British Prime Minister David Cameron (left) greets Mustafa Abdel Jalil, chairman of the Libyan National Transition Council, outside Downing Street No 10 in London on Thursday. Suzanne Plunkett / Reuters
TRIPOLI, Libya - NATO airstrikes struck Muammar Gadhafi's sprawling compound in Tripoli and three other sites early on Thursday, hours after the Libyan leader was shown on state TV in his first appearance since his son was killed nearly two weeks ago.
Explosions thundered across the capital, and wailing ambulances raced through the city as the last missile exploded.
Government officials and Libyan television said the strikes targeted Bab al-Azaziya, Gadhafi's compound.
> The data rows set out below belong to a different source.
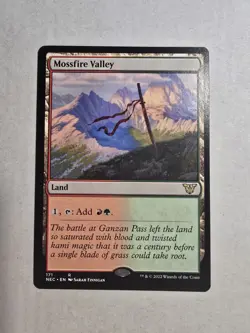 Mossfire Valley Commander: Kamigawa: Neon Dynasty Regular - Image 1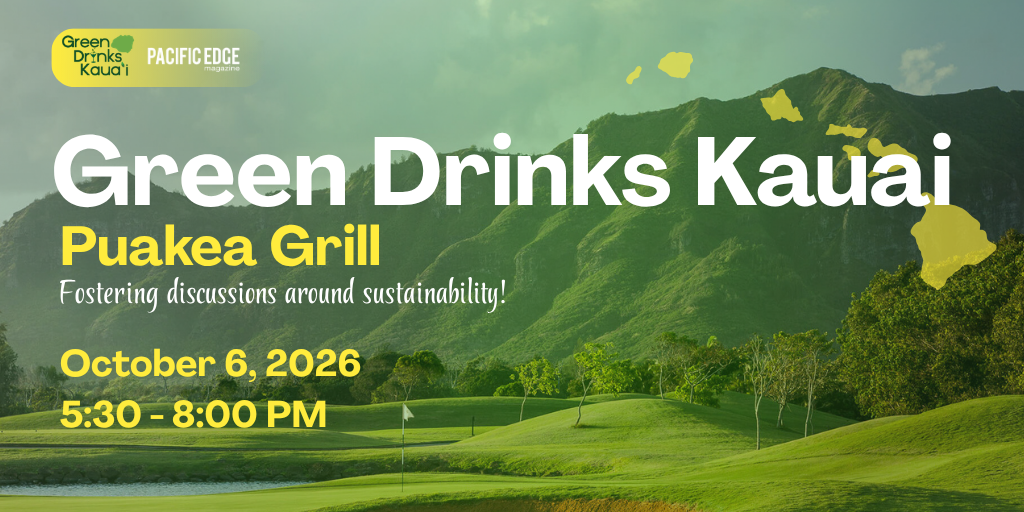 Green Drinks Kauai  Banner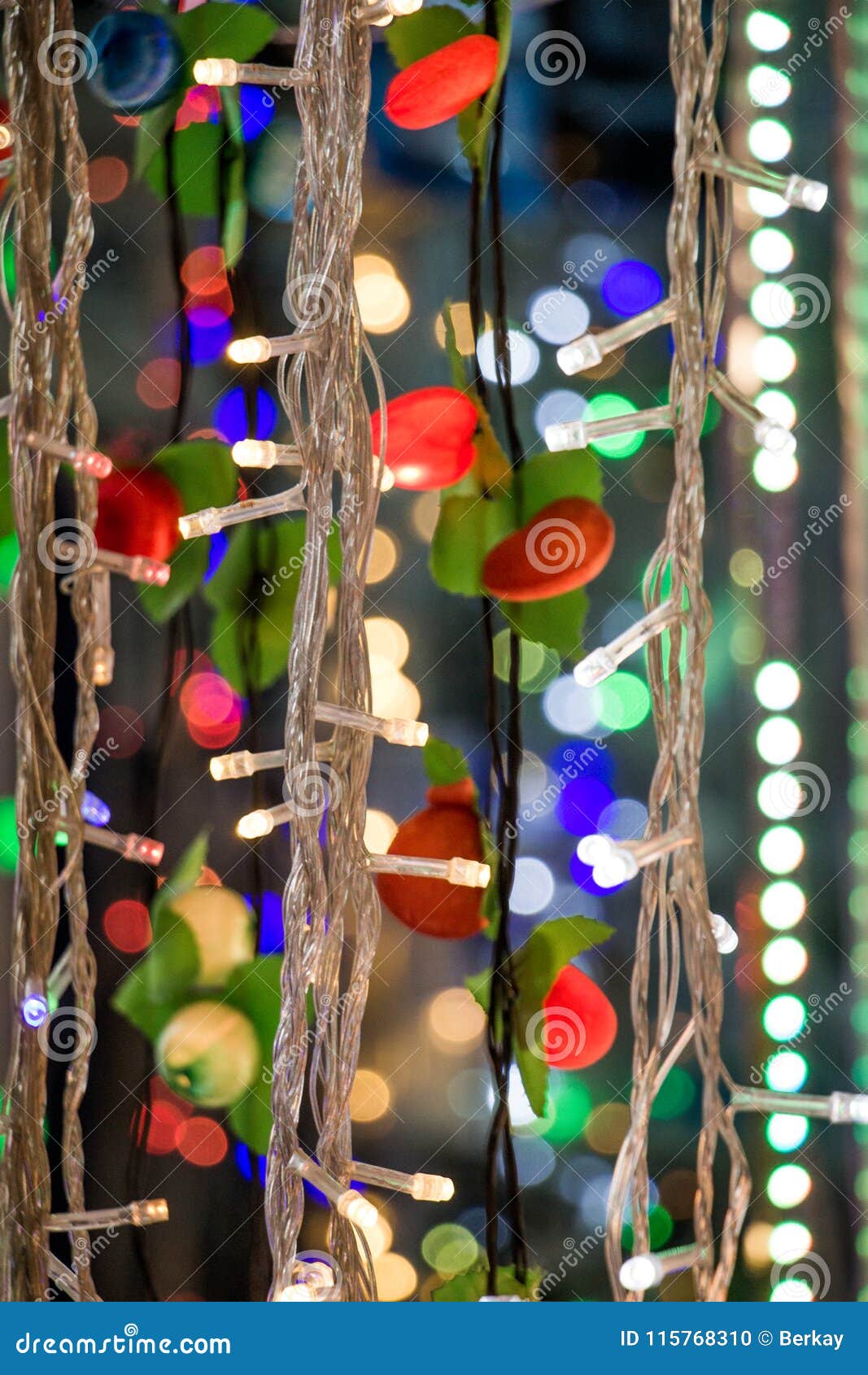 Christmas and Party Lights of a Certain Type Stock Photo - Image of ...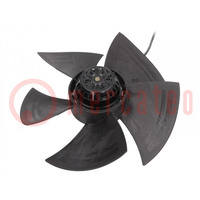 Fan: AC; axial; 230VAC; Ø352x105mm; 3305m3/h; ball bearing; 1340rpm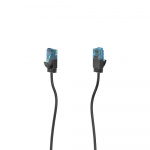 Hama Cable Network CAT6a Slim U/UTP 0.50m Black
They did not say which of the compound's buildings were targeted.
NATO - which had no immediate comment about the latest strikes - has hit Tripoli repeatedly this week as part of its effort to weaken government resistance to a three-month-old rebellion.
NATO said most of the alliance's 46 airstrikes on Wednesday were concentrated in and around the Libyan capital, hitting command and control centers, ammunition dumps and anti-aircraft missile launchers.
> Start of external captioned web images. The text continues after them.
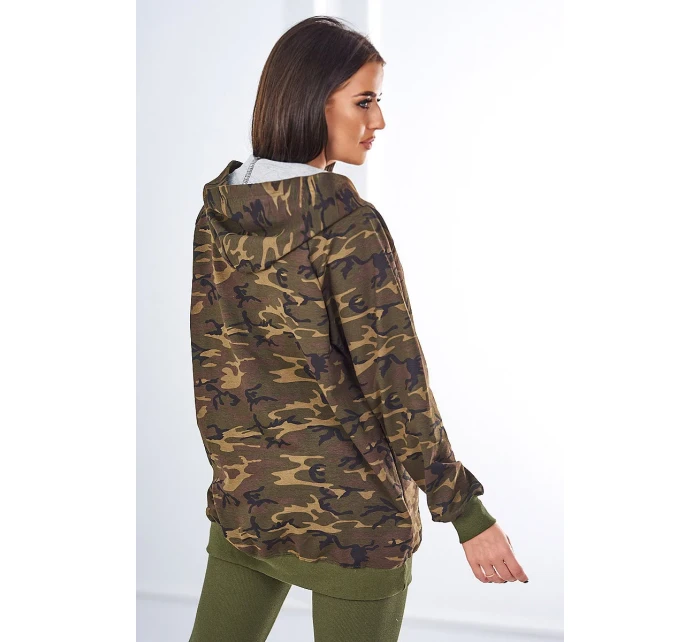 3dielna súprava Vresoviská blúzka, top a legíny hnedá + cappuccino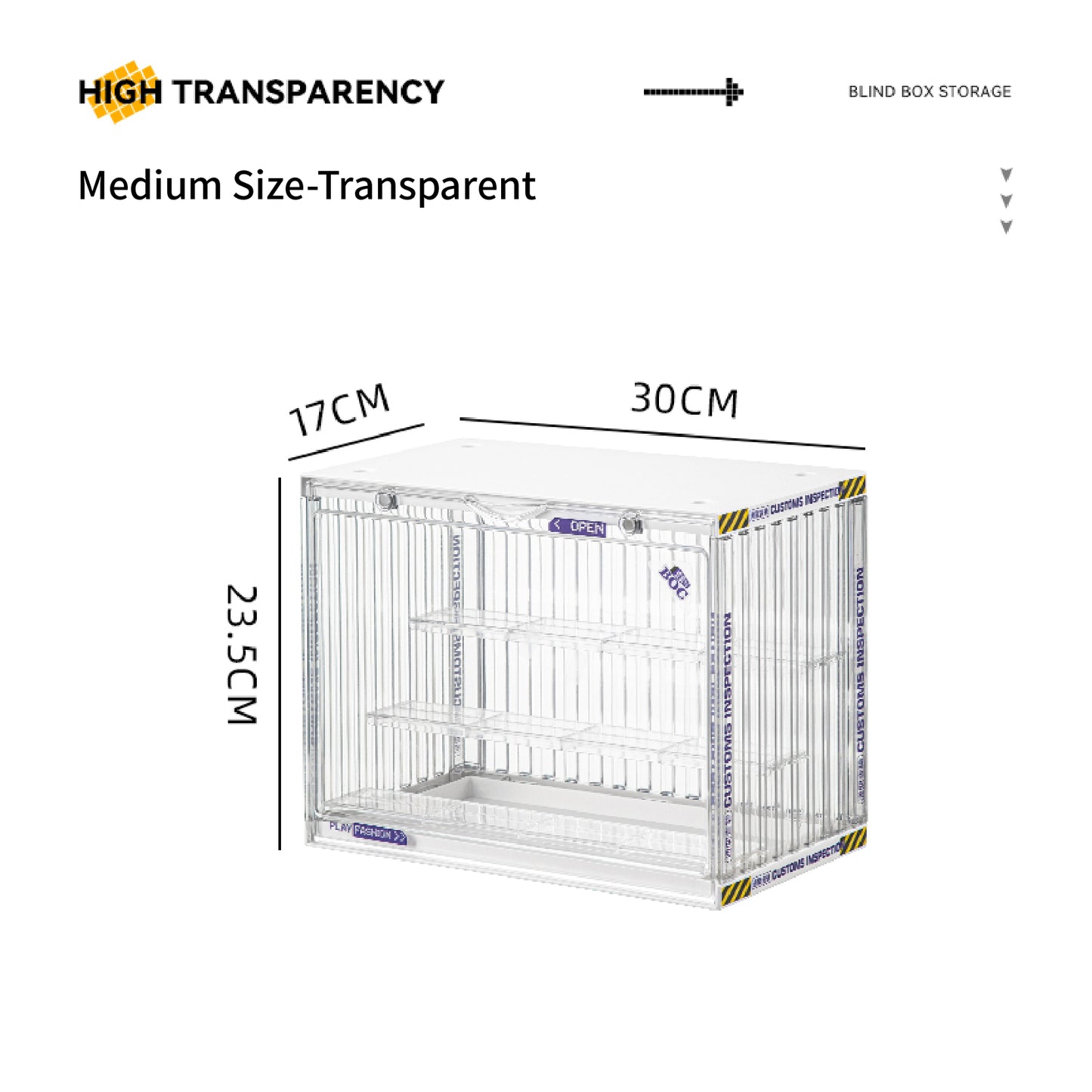 #908 & #909 Display Case for Blind Box | Toy Organizer Box | Container Acrylic Display | Toy Display Storage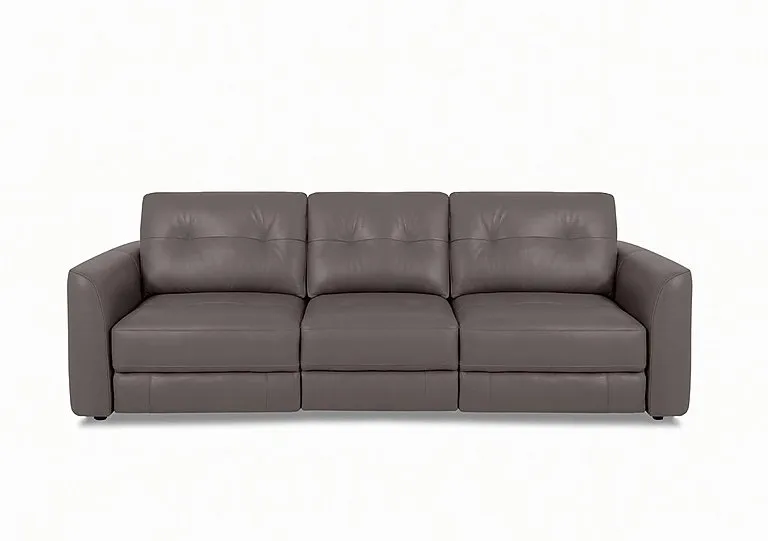 Drift 3 Seater Leather Power Glider Sofa - BV Elephant - Sofas and Armchairs - In Time for Christmas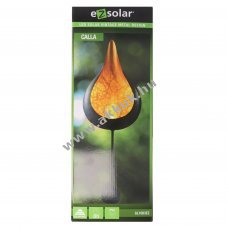 EZSolar Solar LED kertil�mpa Vintage CALLA narancss�rga LED vil�g�t�ssal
In the eastern city of Benghazi, headquarters for the opposition movement, rebel spokesman Abdel-Hafidh Ghoga claimed that anti-Gadhafi residents in the Tripoli area were staging peaceful demonstrations in many neighborhoods, prompting the regime to deploy troops and tanks in the streets that may have been diverted from other regions.
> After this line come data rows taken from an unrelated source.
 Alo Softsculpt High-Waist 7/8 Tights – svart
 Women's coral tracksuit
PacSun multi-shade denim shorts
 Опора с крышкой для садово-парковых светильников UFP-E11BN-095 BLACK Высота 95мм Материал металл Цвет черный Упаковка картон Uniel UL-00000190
Libyan television showed Gadhafi meeting officials in a Tripoli hotel, ending nearly two weeks of doubt over his fate since a NATO airstrike that killed his son.
The Libyan leader, who had not been seen in public since the April 30 strike on his Tripoli compound, made his appearance on Wednesday in his trademark brown robe, dark sunglasses and black hat.
Gadhafi was shown greeting a group of tribal leaders who support him. "You will be victorious," an old man told Gadhafi.
Four months into a revolt against his rule, Gadhafi is still holding doggedly onto power despite weeks of NATO strikes on his military and command structures.
The conflict has now entered a stalemate, with Gadhafi in control of most of the west of the country, while the rebels are hemmed in to their stronghold in the east of the country and a few pockets in the west.
DPRK embassy hit
Libyan television reported that the Democratic People's Republic of Korea (DPRK) embassy in Tripoli has suffered major damage in a NATO strike on the city.
"We have seen these reports. We cannot verify them independently. NATO conducts all its strikes with the greatest precision to avoid damage to the civilian population, unlike the government and forces," an unnamed NATO official said.
Cameron reaches out
Britain will supply police officers in rebel-held eastern Libya with uniforms and body armor and help establish a public radio station, British Prime Minister David Cameron's office said on Thursday.
Cameron also invited the Libyan rebel leader to open an office in London.
Cameron made the decision after meeting with Mustafa Abdul Jalil, head of the Libyan National Transition Council at the Downing Street No 10.
In addition, Cameron said Britain will further supply non-lethal equipment for police officers in Libya.
He said "these steps continue our very clear intention to work with the council to ensure Libya has a safe and stable future".